Esse é um ingrediente a mais?
Dominique
Reynié: Sim, essa é uma razão importante. Vemos isso no Brasil, mas
também no mundo democrático todo. É uma tendência que eu qualificaria de
“despolitização”, um retiro em relação à cena pública. A gente se fecha em
comunidades privadas, em redes. Mas a gente se separa da comunidade nacional,
política.
Como
podemos melhorar a eficácia da democracia e a confiança das pessoas?
Dominique
Reynié: A crise da cultura democrática que observamos tem a ver
parcialmente com a perda de confiança na capacidade do Estado democrático
de produzir serviços fundamentais – segurança, educação, saúde. Essa perda vai
levar uma parte dos cidadãos a arriscar a experiência de uma saída da
democracia. É isso que nos ameaça. Toda questão é restaurar a eficiência.
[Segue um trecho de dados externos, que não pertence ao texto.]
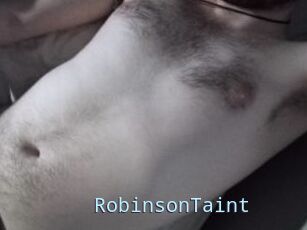 RobinsonTaint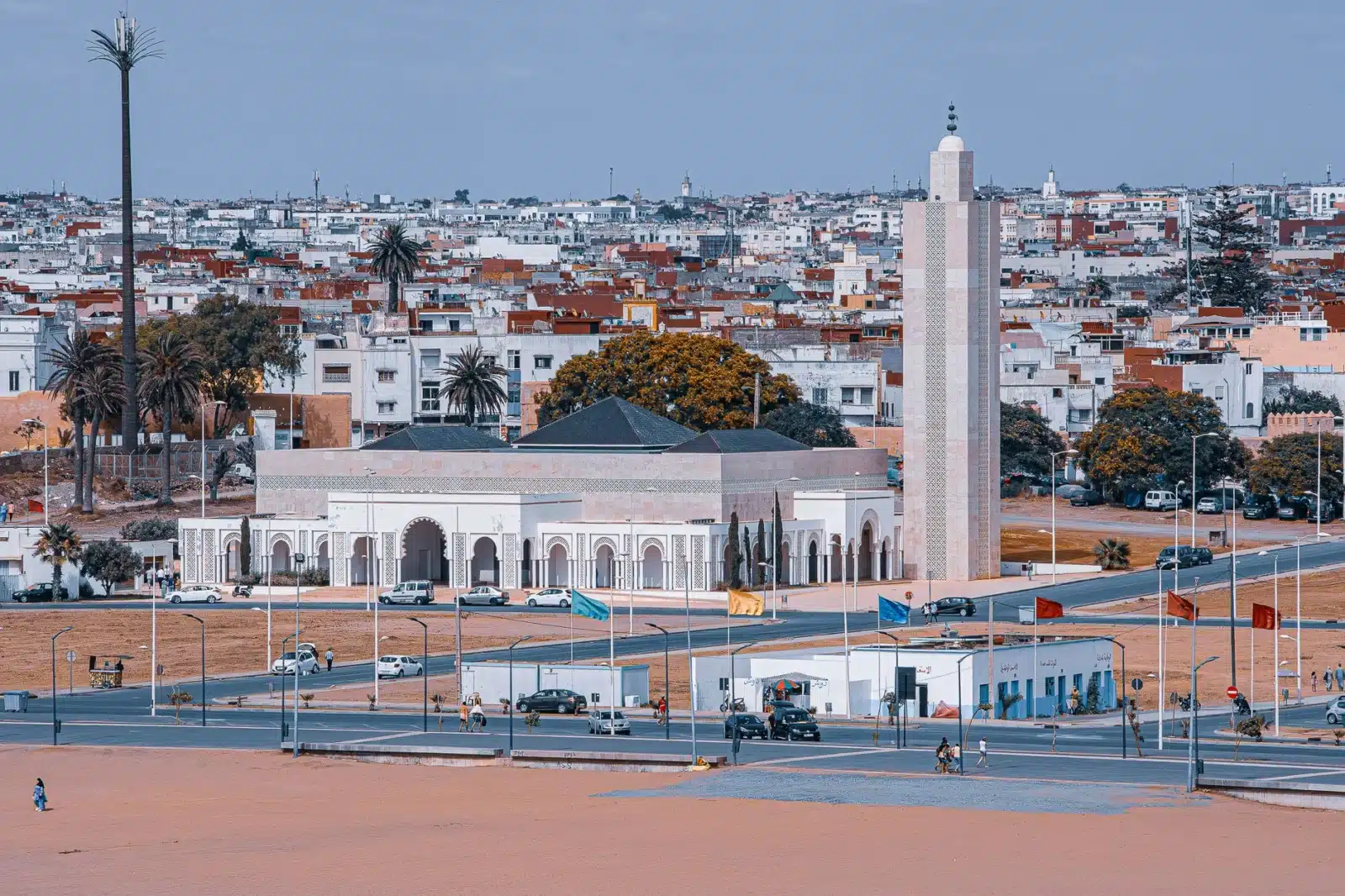 location voiture pas cher agadir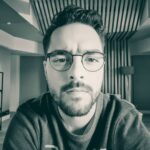 Hassan El Shafei Instagram - Writing mode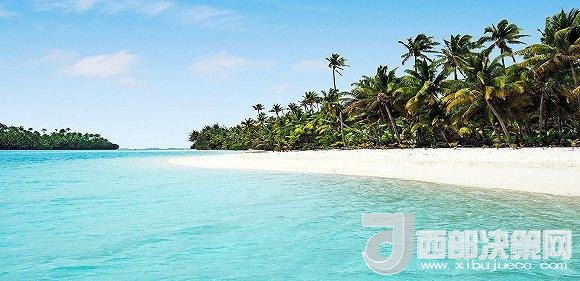 全球最佳海灘榜單出爐 我們選了10個(gè)來(lái)好好介紹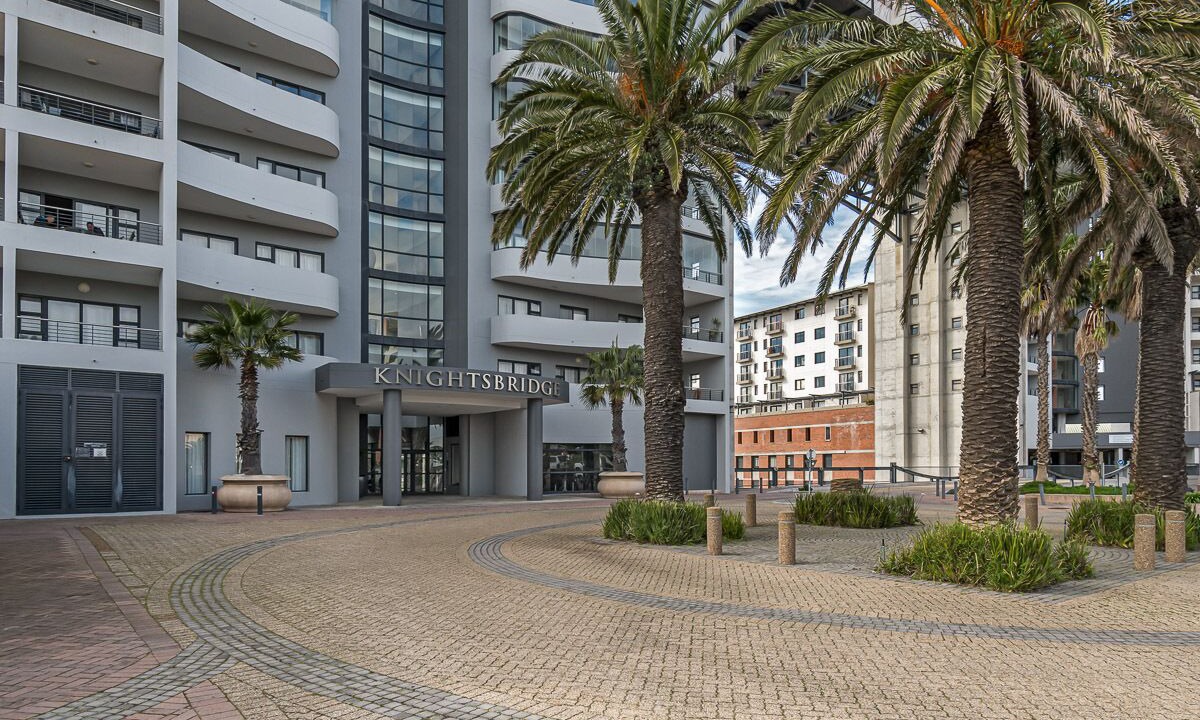Photo of Outdoor in Century City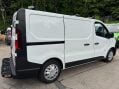 Vauxhall Vivaro 1.6 CDTi 2700 ecoFLEX L1 H1 Euro 5 (s/s) 5dr 12
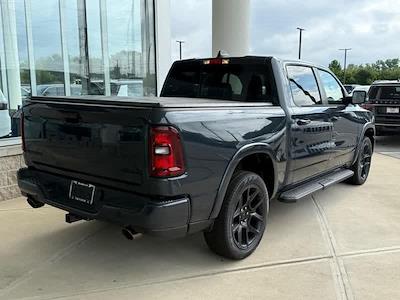New 2025 Ram 1500 Laramie Crew Cab 4WD Pickup for sale #RS091 - photo 2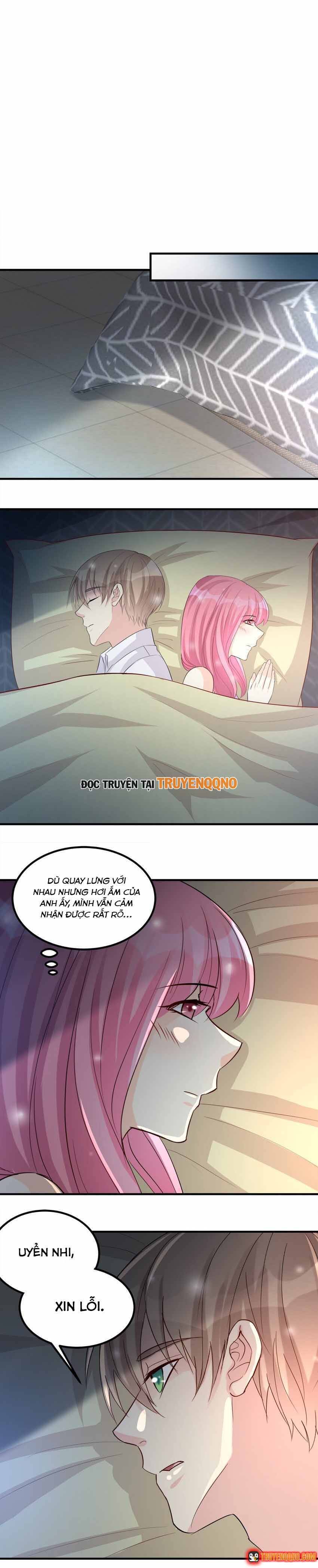 Mở Ra Các Tư Thế Của Nam Thần Chapter 77 - 7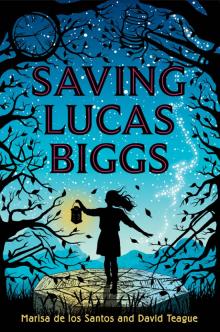      Saving Lucas Biggs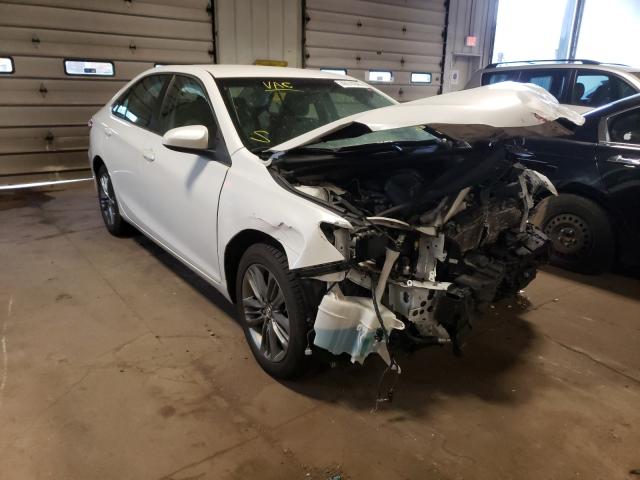 TOYOTA CAMRY SE 2017 4t1bf1fk6hu340338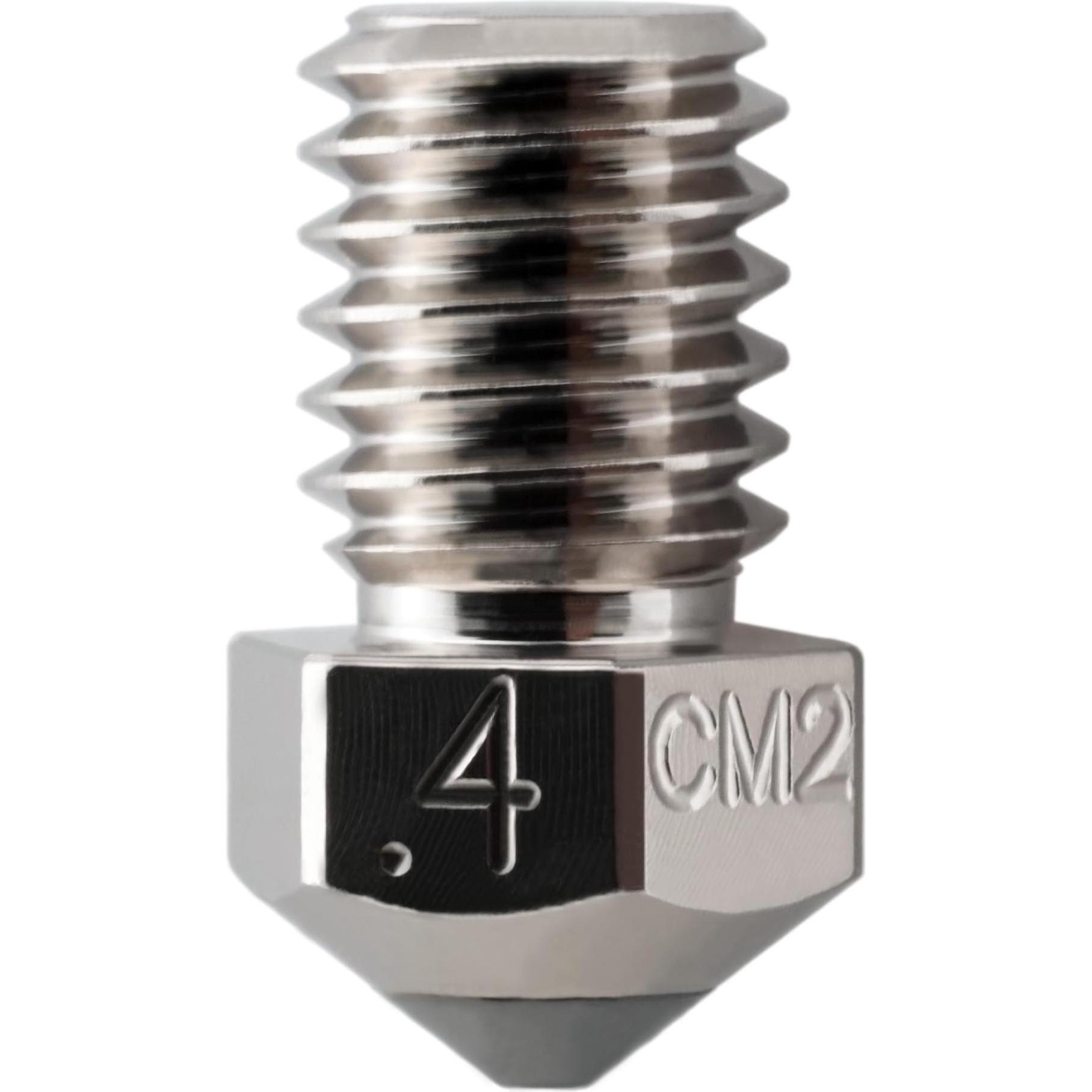 MicroSwiss Micro Swiss CM2™ - RepRap 1.75 Nozzle (Düse, Zubehör), 3D Drucker Zubehör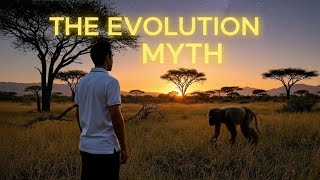 Humans Didn't Evolve From Monkeys. Here's The Truth.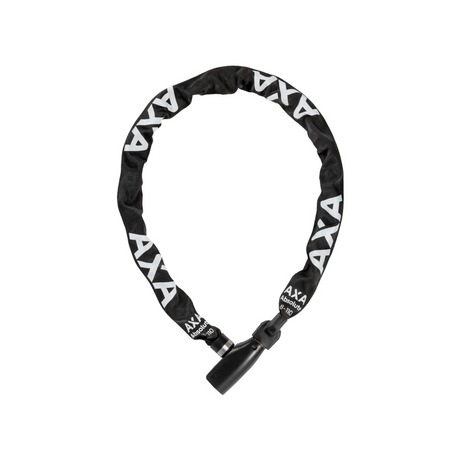Lock de cadena Absoluto 8-110 Auto-Haga clic negro
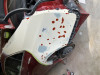 back to work on the finer bodywork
E o caminho é se apoiar na globalização que, provavelmente, é o grande desafio
atualmente.
Os
países que mais enriquecem hoje não são as democracias. Por quê?
Dominique
Reynié: Há uma ameaça particular que pesa sobre a democracia: o fato
de que, se não conseguirmos garantir um conforto material mínimo, não vai
haver apego à democracia. E ela, por natureza, não pode obrigar os cidadãos
a lhe sustentar. Para ser apoiada, precisa de um bom desempenho, do ponto de
vista material e das liberdades. A força do governo autoritário é
justamente poder se manter mesmo se os cidadãos não apoiam. No caso chinês, não
há apenas força e repressão, há uma eficácia prática de enriquecer os chineses,
melhorar o nível de vida, de educação. Então, temos um antimodelo que
pode trazer uma parte dos cidadãos das democracias a perder a solidariedade com
a ideia democrática. É a razão pela qual é essencial trabalhar no
fortalecimento dos Estados democráticos.
Como
deve ser a relação entre Estados democráticos e não democráticos?
Dominique
Reynié: Esse ponto é importante. Podemos ter relações econômicas e
comerciais com a China. É até recomendável. Mas a questão é não somente saber
quais são as consequências dessas relações sobre a liberdade na China, ou sobre
a autoridade na China. A gente deve se indagar se é razoável as democracias
ajudarem a China a se tornar mais poderosa sendo que ela não é um regime
democrático.
O
sr. vê algum tipo de movimentação nesse sentido?
Dominique
Reynié: Hoje, vemos quase o contrário. Nas relações entre Brasil e
França, Estados Unidos e Europa, prevalece o sentimento de divisão do mundo
democrático. Ou isso é uma tendência que vai se afirmar com uma fragmentação
que precipita o declínio da democracia no mundo, ou é uma fase intermediária,
uma crise que vai levar os chefes de Estado dos países democráticos a começarem
a discutir as condições de uma cooperação internacional democrática.
![]() |
Manifestantes em Paris - "Coletes Amarelos" Foto: Zakaria Abdellkafi/AFP |
Qual
seria o efeito dos “coletes amarelos” na França e nas próximas eleições
francesas?
Dominique
Reynié: Os coletes amarelos vão ter influência profunda sobre a
sociedade, a vida política e sem dúvida sobre as eleições de 2022. Eles
trouxeram uma politização de protesto de uma parte muito grande da sociedade
francesa. Na França, havia eleitores da extrema direita e do populismo de
esquerda. Mas os coletes amarelos não são essas pessoas. Não acredito que eles
terão um voto moderado. Ou vão se abster ou fornecer eleitores a mais para o
voto populista.
Então
as chances de a extrema direita vencer, com Marine Le Pen, são maiores do que
nunca?
Dominique
Reynié: É exatamente essa frase que é preciso dizer. Ela tem mais
chances do que nunca de ser eleita presidente da França em 2022. Não significa
que vai ser eleita, mas que tem mais chances do que jamais teve.
Há
alguma comparação entre Marine, Viktor Orbán, premiê da Hungria, e Jair
Bolsonaro?
Dominique
Reynié: Diria que o ponto-chave que os aproxima é o que Vladimir
Putin chama de “soberanismo” democrático. Isso é uma democracia bizarra.
Como
o senhor vê o papel das redes sociais no declínio ao apego à democracia?
Dominique
Reynié: As redes sociais, que são ainda mais recentes, estão mudando
profundamente o espaço público e democrático. E há efeitos positivos e
negativos. É extraordinário quase todo mundo dar seu ponto de vista e
participar de uma discussão. Mas também há aspectos terrivelmente negativos,
como o efeito de bolha e a tendência de dialogar apenas com quem pensa igual.